Browns' Real Problems Run So Much Deeper Than Freddie Kitchens

Kitchens never stood a chance in Cleveland.
Kitchens never stood a chance in Cleveland. / Christian Petersen/Getty Images

The Cleveland Browns remain a total disaster after firing Freddie Kitchens following a 6-10 finish to the 2019 season.

The team entered the year with great expectations, but now, Kitchens is departing after one year of a job he was never qualified to hold in the first place. So, who is to blame here? Because what ails this franchise goes far, far beyond the man who held the head coaching job for fewer than 12 whole months.

There's a mountain of evidence to suggest that the problems start at the top with owners Jimmy and Dee Haslam. They bought the team in 2012 and have fired a coach nearly every season. Mike Pettine, however, got two years, while Hue Jackson got slightly more than that despite starting out 1-31.

Kitchens now joins Pat Shurmur and Rob Chudzinski fired after one year working for the Haslams. The issues here are quite obviously systemic, period.

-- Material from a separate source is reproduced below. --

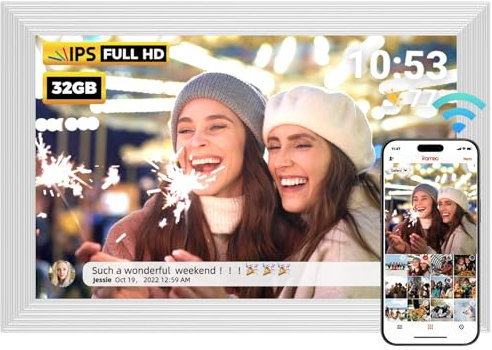 REUMAR 32GB Digital Photo Frame,10.1inch Smart WiFi Digital Picture Frame 1280x800 IPS LCD Touch Screen, Type-c Auto-Rotate,Share Photo or Video Instantly via Frameo App from Anywhere, white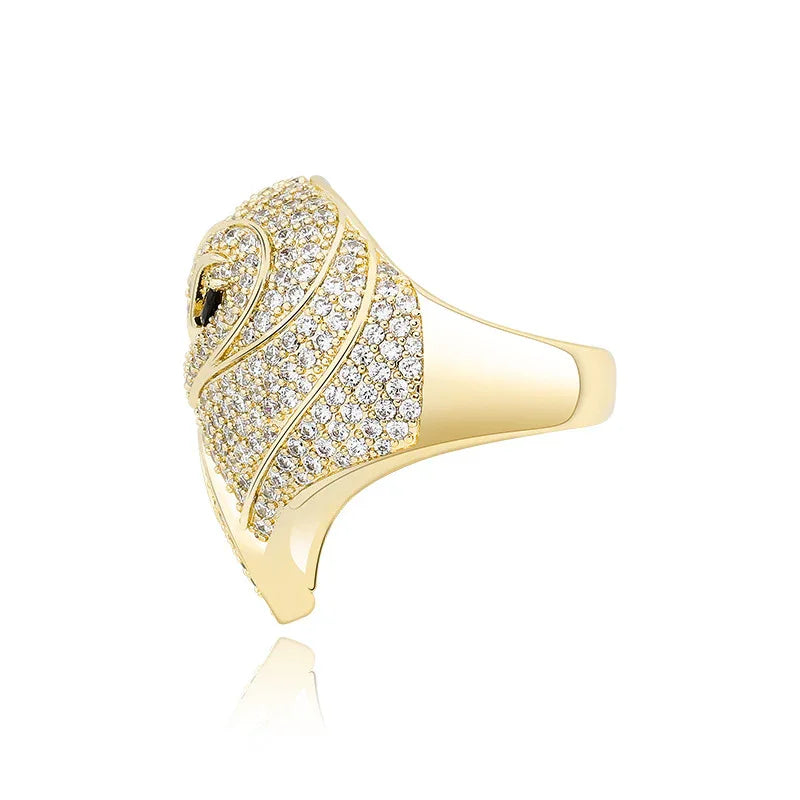 Men's Iced Out Owl Ring | 3D Sculpted Bird Motif Signet | Caratix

The ownership can never stick to a plan. That became clear when Sashi Brown was fired as GM in 2017 after the team lost too many games despite the fact that he made it clear his plan was a total rebuild. That blueprint was never able to develop; John Dorsey was then brought in to execute a totally different strategy.

It's worth noting, however, that Dorsey wasn't allowed to pick his own coach, and Hue Jackson was every bit of a lame duck at the start of 2018. Kitchens was Dorsey's first hire, but now he has been fired, the process has to start all over again.

Dorsey himself presents a separate issue. He has shown the ability to gather talented players, but the Browns never looked like an actual team all season long. He rushed the head coaching search as well, hiring someone with no head coaching experience at any level of football. Kitchens faced an impossible task with so many personalities on the team, and management should have seen those problems from a mile away.

The Haslams aren't going anywhere, so the only hope Browns fans could have is for Dorsey to hire the right guy and for the team to come together in 2020 with a clean slate. Unfortunately, the faithful in The Land have been hoping for this similar scenario since 1999, and not much has changed. Try blaming that all on Freddie Kitchens if you like. But you'd be wrong.